■ **Your instructions**: Print nothing except the line holding "Petlicity Hanging Natural" and the lines that come after it in the material below, and leave the pictures out.

Start of Given information

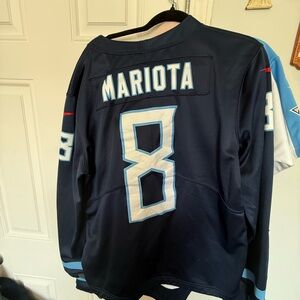 Nike Women's Navy Blue Sports Jersey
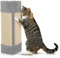 Petlicity Hanging Natural Sisal Cat Corner Wall Scratching Post - Keep Your Cats Healthy, Protect Furniture and Wallpaper (Grey)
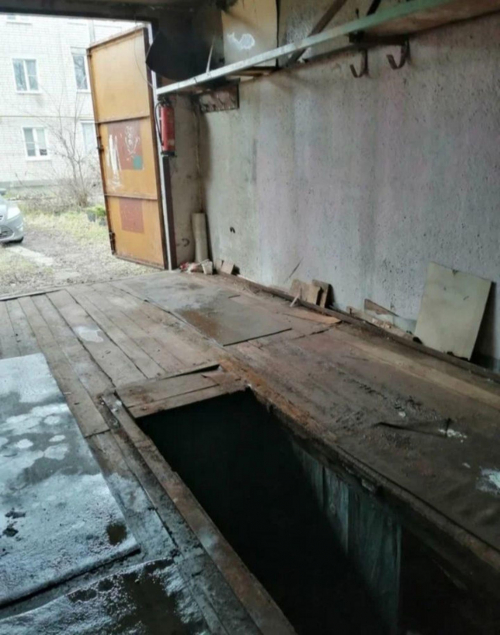 Продажа гаража Калинцева ул, 10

End of Given information

■ **Written response**:
 Petlicity Hanging Natural Sisal Cat Corner Wall Scratching Post - Keep Your Cats Healthy, Protect Furniture and Wallpaper (Grey)
 Продажа гаража Калинцева ул, 10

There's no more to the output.